The transcriptional kinases CDK7 and CDK9 play critical roles in super-enhancer-associated oncogene
transcriptional initiation, pause release and elongation respectively, and CKIα induce p53 protein degradation.
The CDK7/CDK9/CKIα co-inhibitor A51 suppresses super-enhancer-associated oncogene expression and
activates p53 protein expression, resulting in leukemia regression in mice with no toxicity to normal tissues.
Preliminary Data. We have found that CDK7/CDK9/CKIα co-knockdown with shRNAs or treatment with the
CDK7/CDK9/CKIα co-inhibitor A51 considerably reduced TERT gene expression and MDM2 protein
expression, activated p53 protein expression, and induced substantial apoptosis in TERT oncogene-
rearranged neuroblastoma, but not normal cells. Analysis of a RNA sequencing gene expression-patient
prognosis dataset from 493 neuroblastoma patients, showed that high levels of CDK7 gene expression in
human tumor tissues positively correlated with high levels of TERT gene expression, and that high levels of
CDK7 and CKIα expression in human neuroblastoma tissues correlated with poor patient prognosis.

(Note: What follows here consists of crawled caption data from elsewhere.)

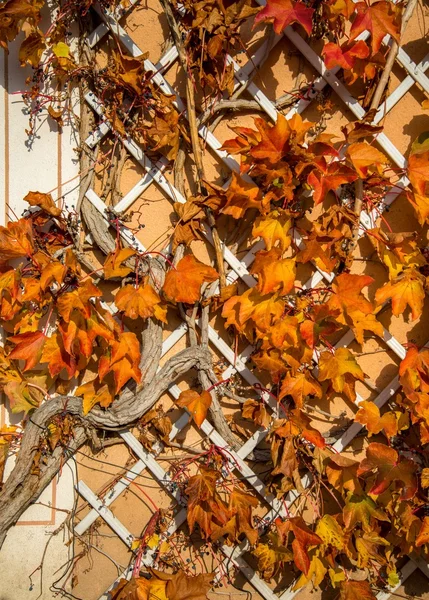 Belle foglie autunnali sulla parete della casa — Foto Stock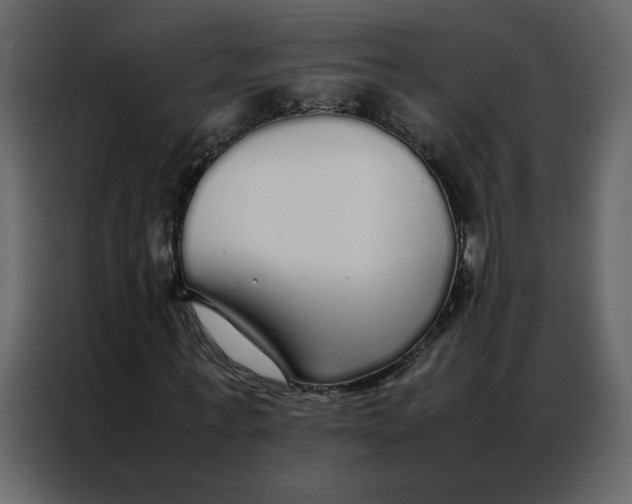 X0000086990771200705071436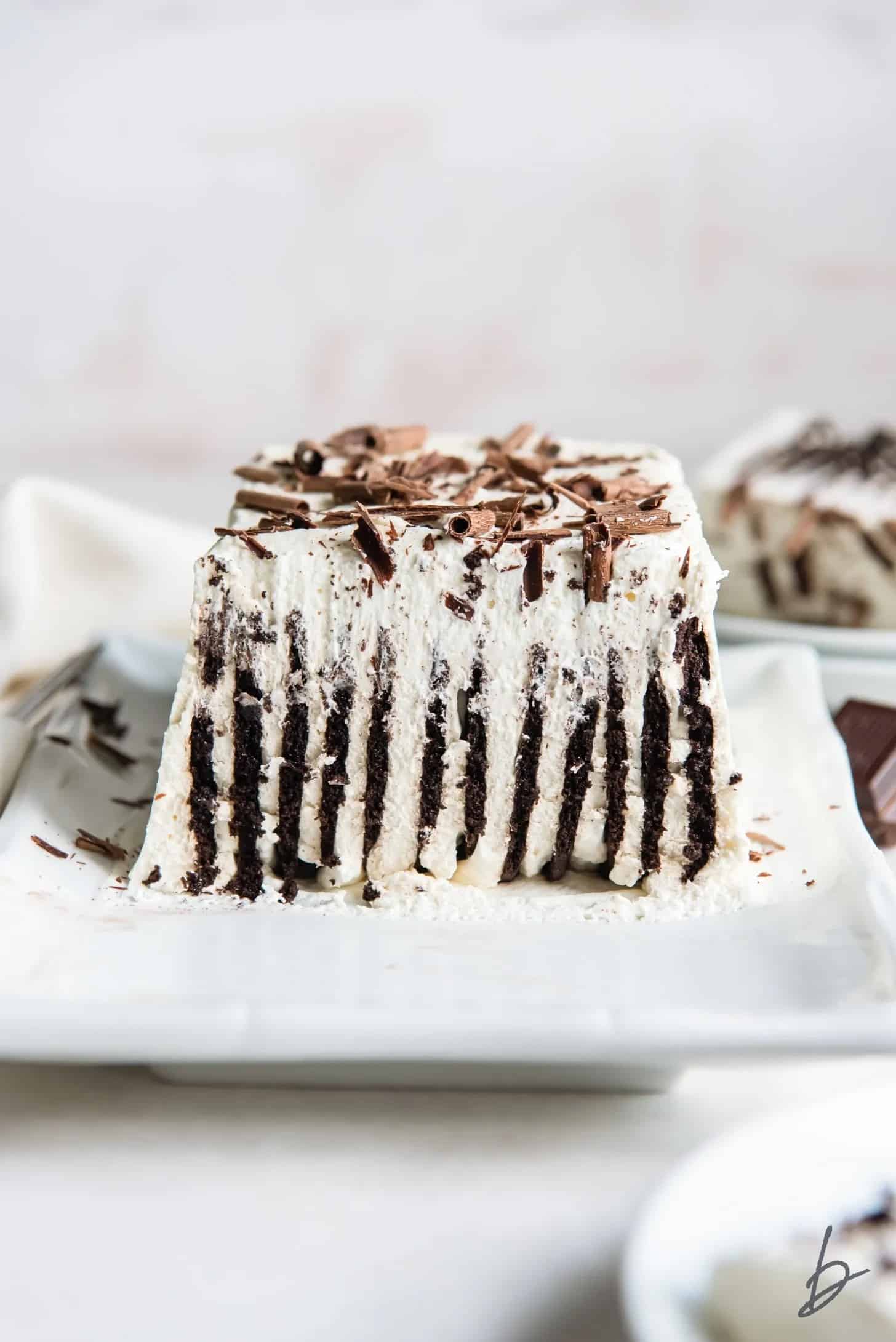 CAKE WITH CHOCOLATE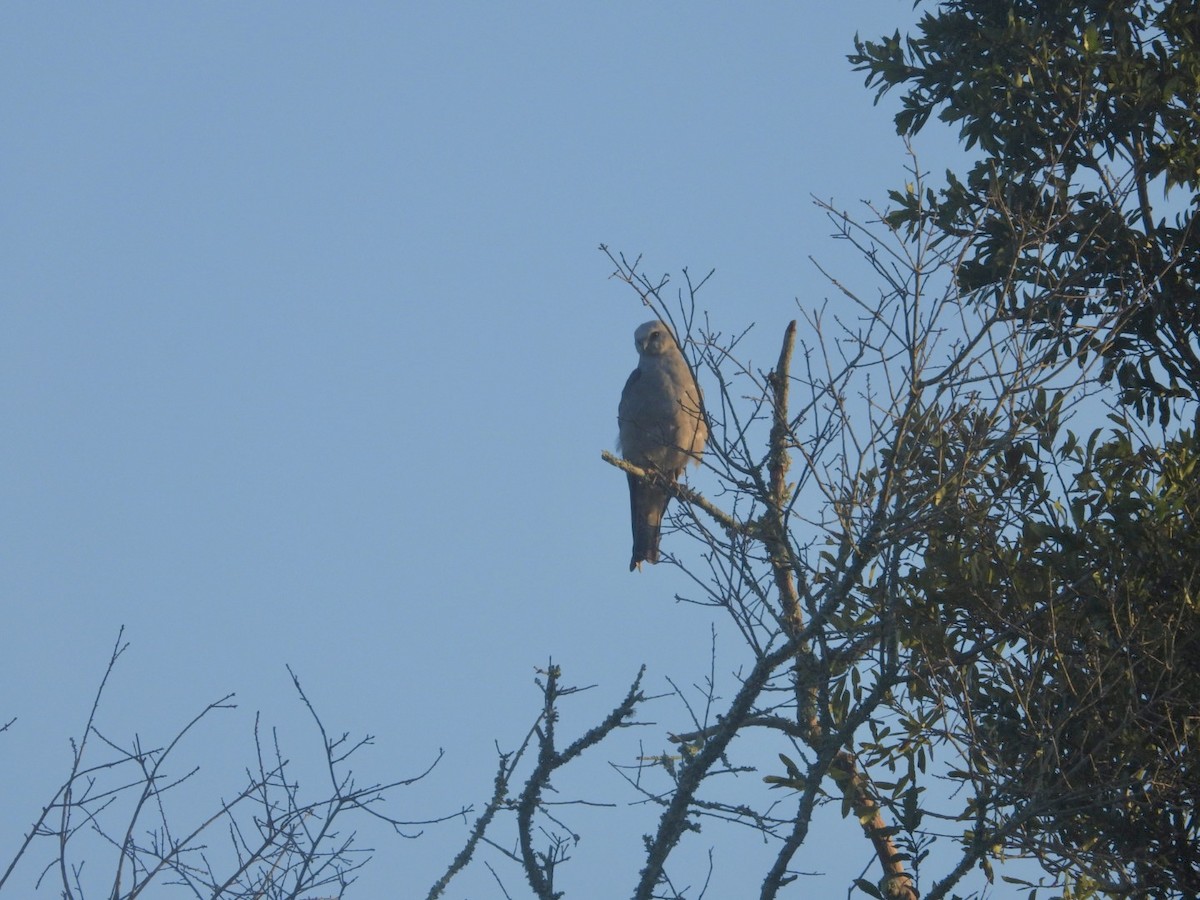 Mississippi Kite - ML622125019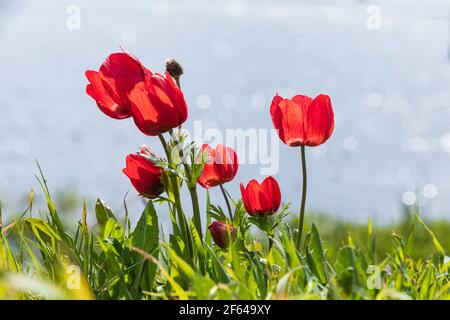 Gli anemoni rossi in fiore si avvicinano sullo sfondo del cielo e il lago Foto Stock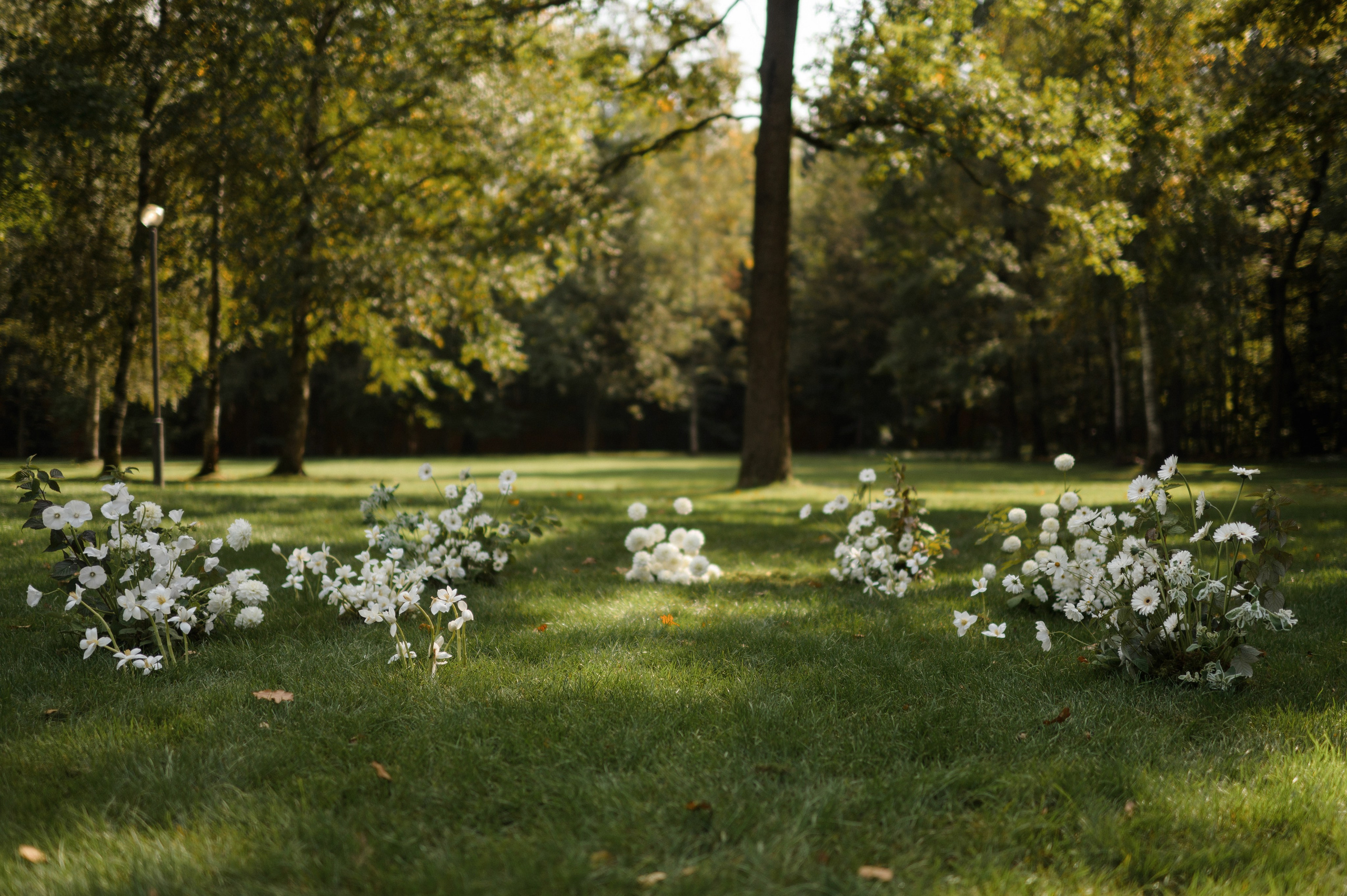 Вова и Поля 11.09.23. VENSKAYA WEDDING & EVENT PLANNER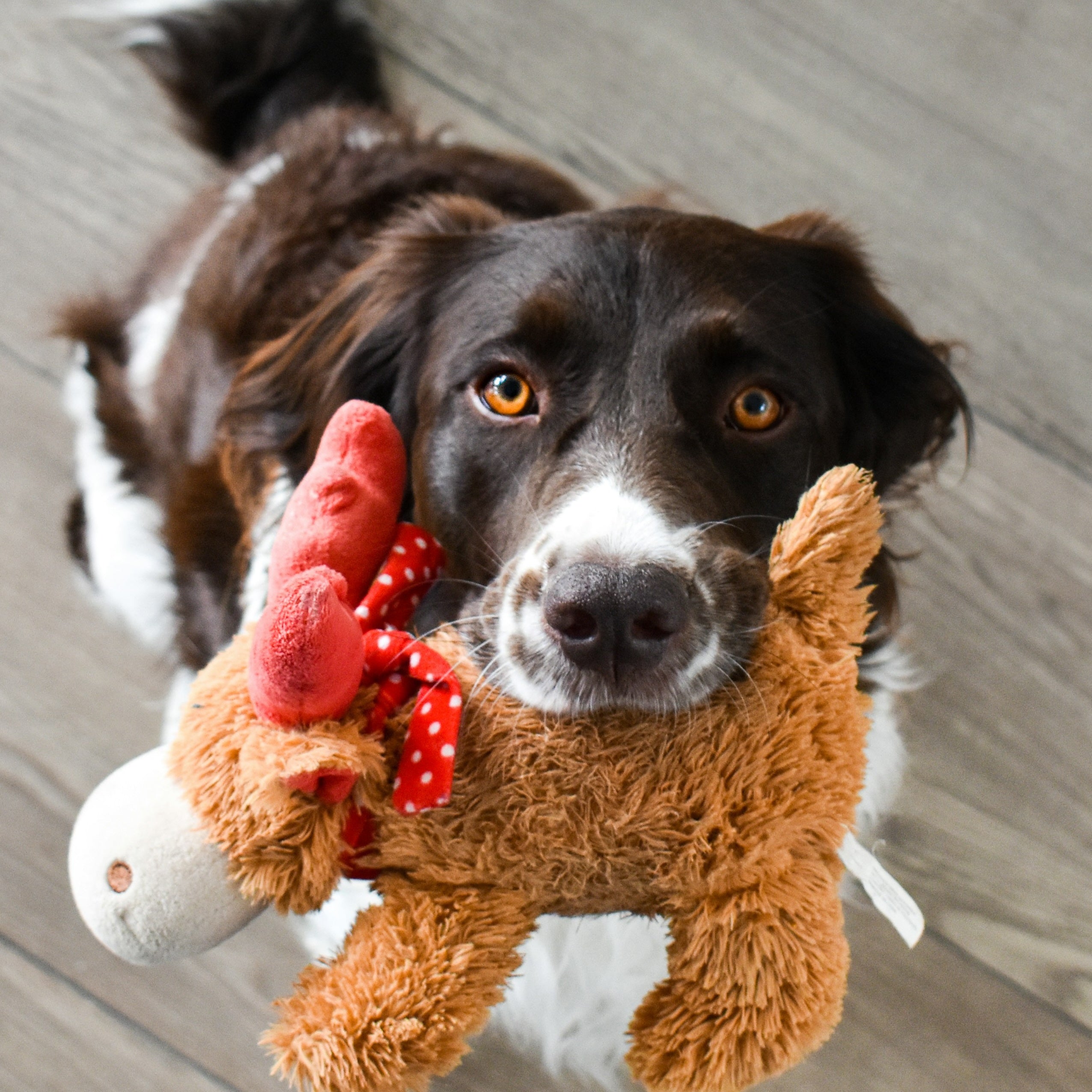 Trucos para que tu perro use sus juguetes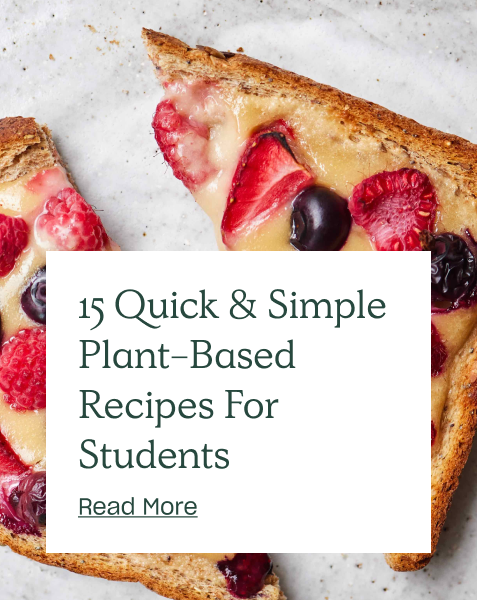 15 Quick & Simple Plant-Based Recipes For Students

Specific Aims. (1) To identify the critical roles of CDK7 and CDK9 in inducing TERT gene transcriptional
initiation, elongation and over-expression and CKIα in inducing p53 protein degradation in TERT-rearranged
neuroblastoma cells; (2) To identify the critical roles of CDK7, CDK9 and CKIα in TERT-rearranged
neuroblastoma cell proliferation and survival in vitro and tumor progression in vivo; (3) To define the anticancer
efficacy of the CDK7/CDK9/CKIα co-inhibitor A51 against TERT-rearranged neuroblastoma in vitro and in vivo.
Outcomes and Significance. We hope to demonstrate that CDK7 and CDK9 co-operatively induce TERT
gene transcriptional initiation, pause release, elongation and over-expression, and CKIα induces p53 protein
degradation; that CDK7, CDK9 and CKIα co-operatively induce TERT-rearranged neuroblastoma cell
proliferation and survival in vitro and tumor progression in vivo; and that the CDK7/CDK9/CKIα co-inhibitor A51
efficiently blocks TERT gene transcriptional initiation, pause release, elongation and expression, activates p53
protein expression, induces neuroblastoma cell apoptosis in vitro, and blocks tumor progression and causes
tumor regression in mice xenografted with TERT-rearranged neuroblastoma cell lines or patient-derived
neuroblastoma tissues. As A51 is currently in clinical trials in leukemia patients, completion of this project will
provide the vital evidence for clinical trials of A51 therapy in patients with TERT gene-rearranged
neuroblastoma, against which no targeted therapy is now available for, or has ever be tested in, clinical trials.